Of course, an algorithm for the search problem would be good enough to solve the decision problem - and in practice, the algorithms we use solve the search problem. But in principle, you could imagine an algorithm which solves the decision problem non-constructively: it tells you whether $G$ and $H$ are isomorphic, but not how.
It turns out that, if this were the case, we could still use the non-constructive algorithm to find an algorithm for the search problem - it just takes a few more steps! And that's what we're doing here.
Here's a high-level overview of what this algorithm is doing:
Let vi (resp., ui) denote the ith vertex of G1 (resp., G2) Initialize φ = ∅ and J = [n] For i = 1 to n do: For j ∈ J do: Let φ' be φ with the pair (vi,uj) added If φ' extends to an isomorphism between G1 and G2 do: set φ = φ' set J = J \ {j} loop to the next value of i Output φ
In words: the final output $\phi$ (an isomorphism from $G_1$ to $G_2$) can be thought of as a list of all pairs $(v_1, \phi(v_1)), \dots, (v_n, \phi(v_n))$. We figure out what these pairs are, one at a time. To figure out what the pair $(v_i, \phi(v_i))$ should be, we try taking it to be $(v_i, u_j)$ for each unused vertex $u_j$ in $G_2$, and seeing if it works.
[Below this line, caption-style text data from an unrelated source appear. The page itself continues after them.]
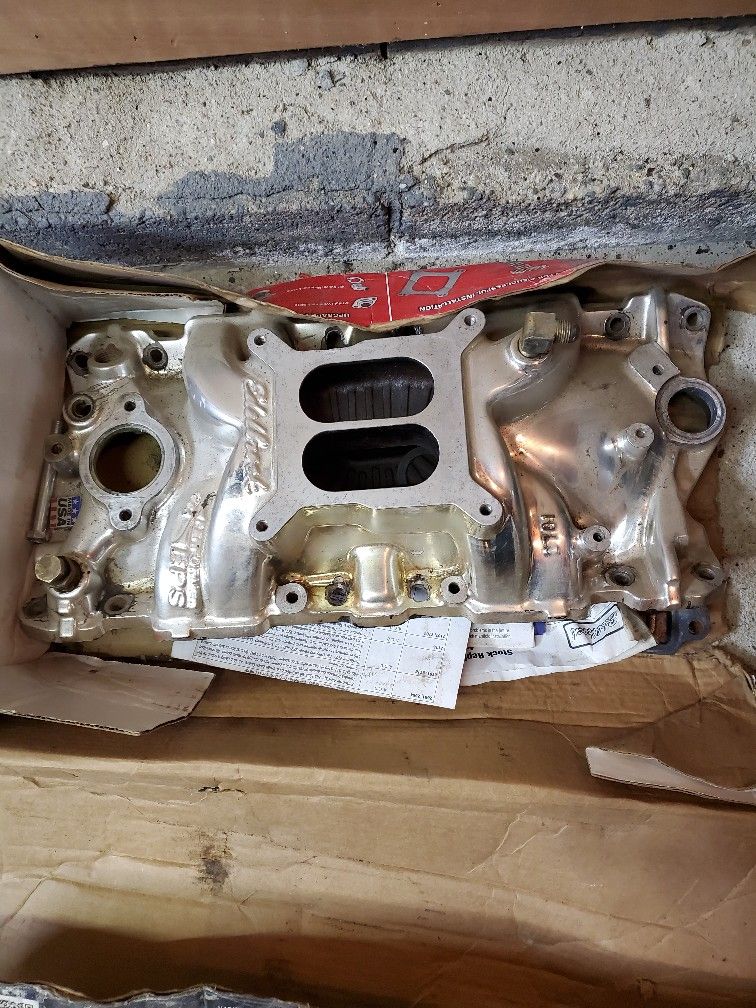 Edelbrock Intake Manifold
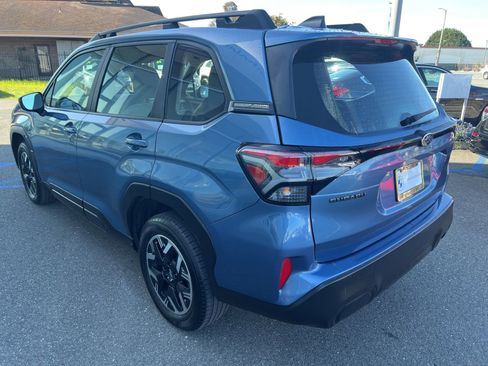 Used 2025 Subaru Forester AWD/4WD image 4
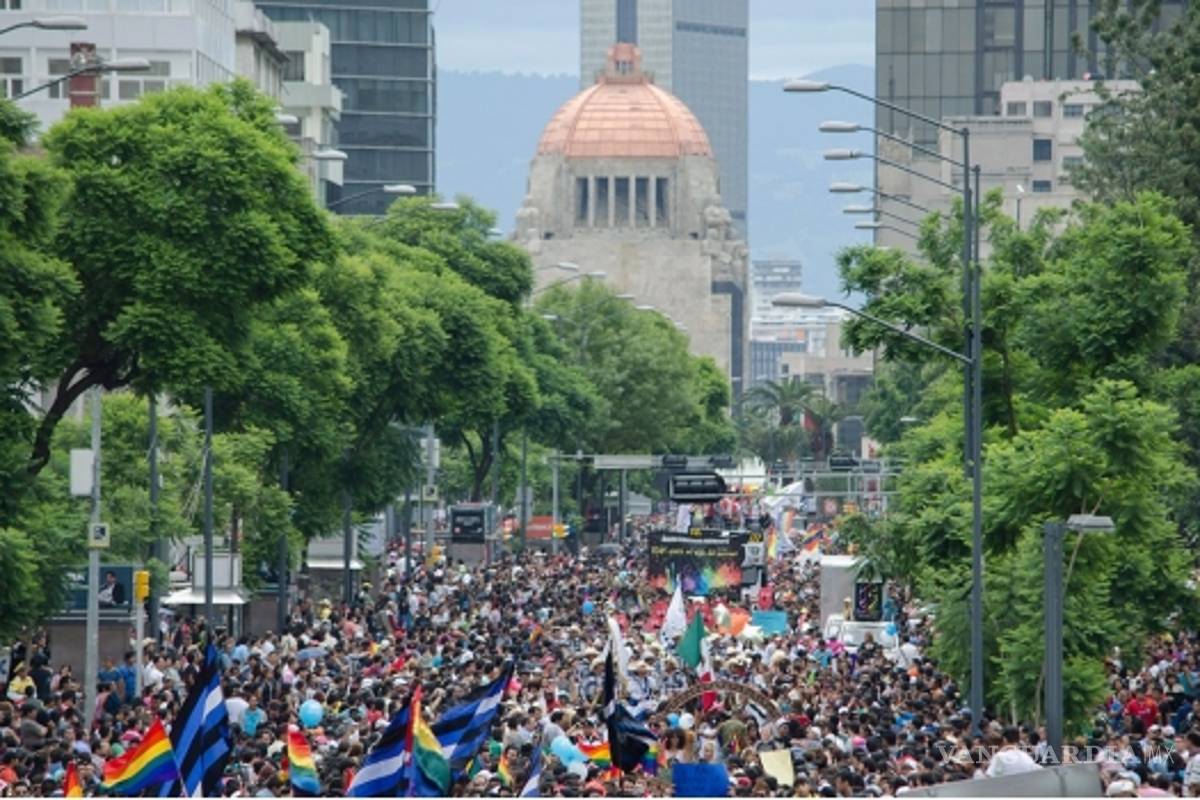 Alertan colectivos de amenazas por marcha gay en CDMX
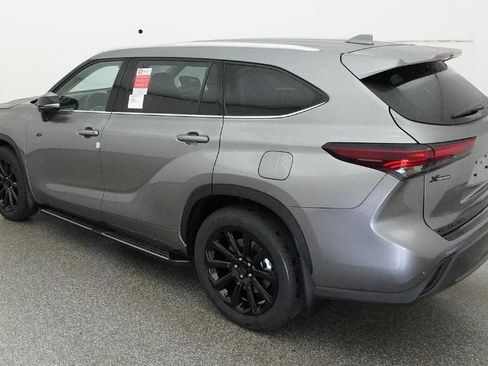 Used 2026 Toyota Highlander Limited AWD/4WD image 3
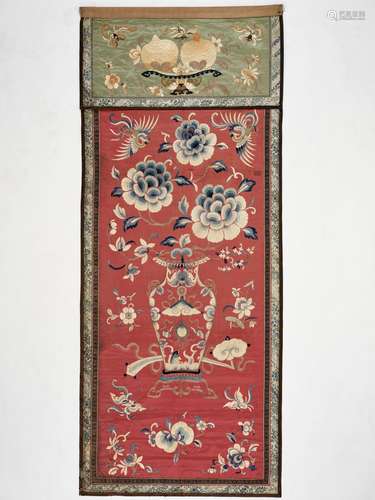 AN EMBROIDERED SILK HANGING, QING DYNASTY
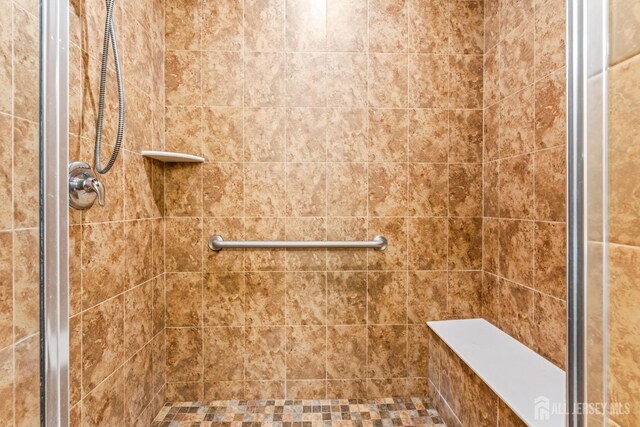 bathroom featuring a tile shower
"Seeing if it works" - checking if $\phi$ extends to an isomorphism between $G_1$ and $G_2$ - is the hard part. It's answering a decision problem of "Is there an isomorphism from $G_1$ to $G_2$ that sends $v_1, \dots, v_i$ to $\phi'(v_1), \dots, \phi'(v_i)$?" If the answer is yes, then all the pairs in $\phi'$ so far are correct, and so we set $\phi = \phi'$ and continue.
But this decision problem is not the same decision problem as "Is there an isomorphism from $G_1$ to $G_2$?" that we're assuming we know how to solve. We'll show how to reduce this problem to the one we know, and that's where "rooting a tree" comes in...
To summarize, here is the task that remains before us. We are assuming that we have an algorithm for the decision problem, "Is there an isomorphism from $G_1$ to $G_2$?" (In computer science, we often call this hypothetical algorithm an oracle.) We want to use this oracle to solve the decision problem "Is there an isomorphism from $G_1$ to $G_2$ that sends $v_1, \dots, v_i$ to $\phi'(v_1), \dots, \phi'(v_i)$?"
To do this, we add some structure to $G_1$ and $G_2$ to force these pairings to exist. There are different ways to do it. The algorithm in the question does the following:
- In $G_1$, add $n$ new degree-$1$ vertices adjacent to $v_1$, $2n$ new degree-$1$ vertices adjacent to $v_2$, ..., $i \cdot n$ new degree-$1$ vertices adjacent to $v_i$.
- In $G_2$, add $n$ new degree-$1$ vertices adjacent to $\phi'(v_1)$, $2n$ new degree-$1$ vertices adjacent to $\phi'(v_2)$, ..., $i \cdot n$ new degree-$1$ vertices adjacent to $\phi'(v_i)$.
In the modified graphs, $v_i$ and $\phi'(v_i)$ are distinguished as the only vertices with at least $i \cdot n$ neighbors of degree $1$, so any possible isomorphism has to pair them. Then, $v_{i-1}$ and $\phi'(v_{i-1})$ are distinguished as the only other vertices with at least $(i-1) \cdot n$ neighbors of degree $1$, so any possible isomorphism has to pair them. Continuing to reason in such a way leads us to conclude that the only possible isomorphism between the modified graphs has to agree with $\phi'$.
So we can invoke our oracle on the modified graphs to solve the decision problem we need in the algorithm, and we have a complete solution.
(The pseudocode in the question differs slightly from what we're doing, but only in cosmetic ways: it maintains the modified graphs as $G_1'$ and $G_2'$ as it goes, rather than reconstruct them each time, and it doesn't specifically define $\phi'$, though the idea of $\phi'$ is behind graphs $G_1''$ and $G_2''$. The actual logic is the same, though.)